Com efeito, temos uma forte tendência a salientar as rupturas epistemológicas que se produzem na nossa área, ao percorrermos a história das correntes teóricas que nela se desenvolveram, desde a filologia e a estilística, até – sem se pretender exaustivo – o formalismo russo, o new criticism, a estética da recepção, a narratologia, a sociocrítica, os estudos culturais, os estudos feministas e assim por diante. A reformulação metodológica é um dos elementos típicos dos estudos literários e, mais amplamente, das ciências humanas e sociais.
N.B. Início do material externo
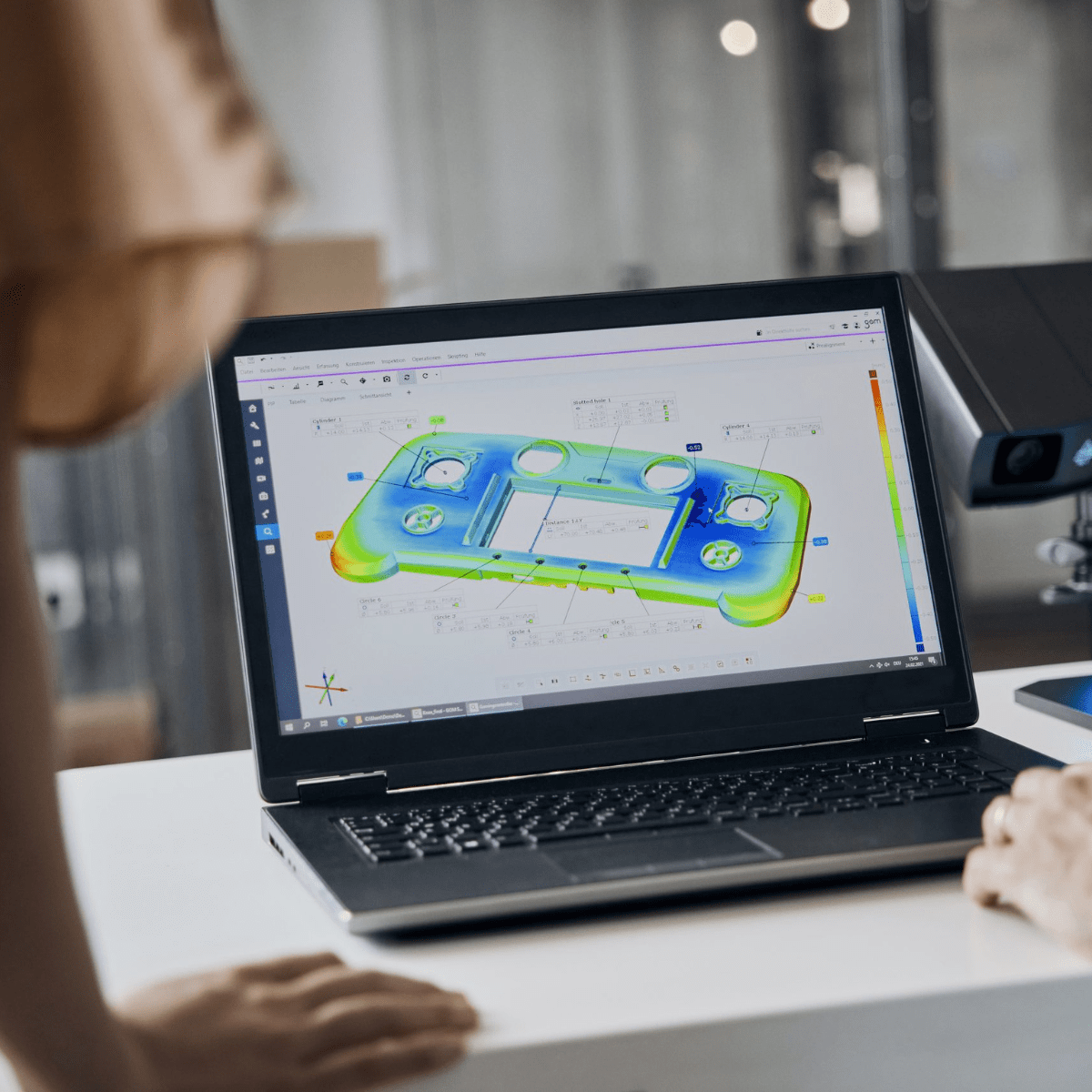 Laptop met kleurrijke CAD-simulatie van een gamecontroller op scherm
Mas de tanto salientar essas rupturas, terminamos por não tratar com a devida atenção o papel, inegavelmente manifesto, da cumulatividade do conhecimento e das conquistas metodológicas que também caracterizam nossa área. Essa fraca consciência da cumulatividade é sem sombra de dúvida um dos fatores que contribuem para uma impressão de crise permanente.

Como corolário inevitável dessa débil consciência da cumulatividade, desenvolve-se uma incapacidade para dialogar com os que de nós discordam. Incapacidade infecunda, que por vezes reduz o debate acadêmico a um agregado de postulados autoisolados, que não admitem a coexistência de abordagens diferentes do literário. Uma incapacidade que é irmã do dogmatismo e contribui para um panorama de suspeição permanente na reflexão.

Em meio a tal asfixia solipsista, raramente se leva em conta que, mesmo entre representantes de correntes teóricas radicalmente opostas ou inconciliáveis, pode haver pontos de concordância ou argumentos comuns, ainda que não concordemos com todas as conclusões a que chegam essas correntes (GOODHEART, 1999). Um impasse que, por sua vez, também fortalece a impressão de crise.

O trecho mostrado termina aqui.